Exercise objective ▸ Make an exact copy of the data below, leaving out every picture.

Dataset extract ▸
○ ○ ○ ○
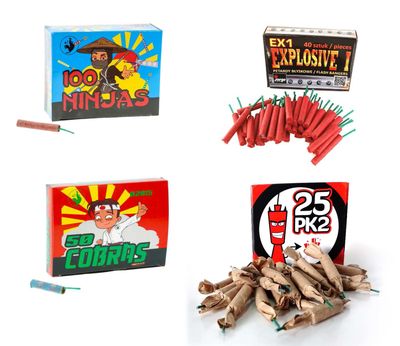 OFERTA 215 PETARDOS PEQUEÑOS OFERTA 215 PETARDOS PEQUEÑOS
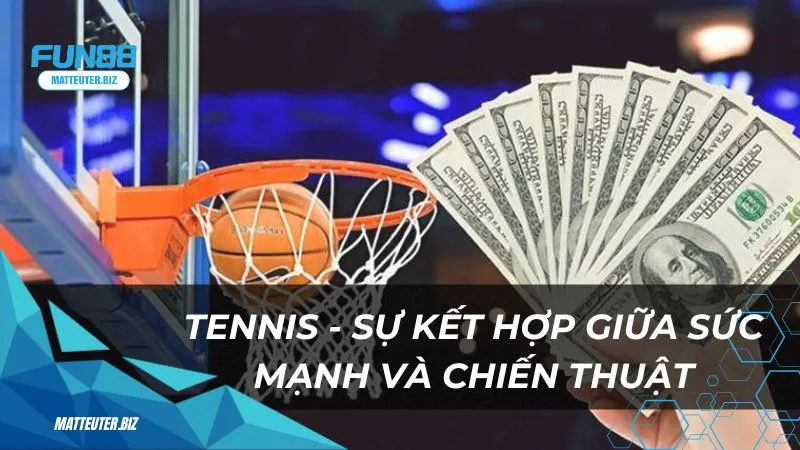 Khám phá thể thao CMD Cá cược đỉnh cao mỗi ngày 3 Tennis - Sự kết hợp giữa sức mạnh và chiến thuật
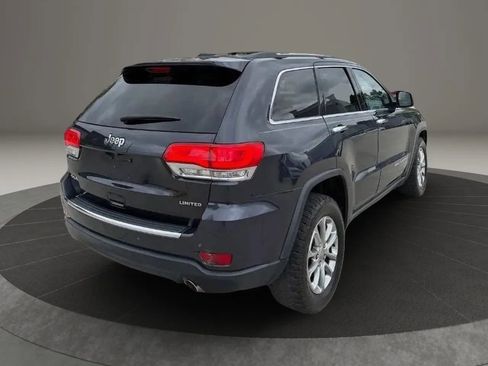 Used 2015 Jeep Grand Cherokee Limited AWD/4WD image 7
○ ○ ○ ○
Solution for this problem ▸
 OFERTA 215 PETARDOS PEQUEÑOS OFERTA 215 PETARDOS PEQUEÑOS
 Khám phá thể thao CMD Cá cược đỉnh cao mỗi ngày 3 Tennis - Sự kết hợp giữa sức mạnh và chiến thuật
 Used 2015 Jeep Grand Cherokee Limited AWD/4WD image 7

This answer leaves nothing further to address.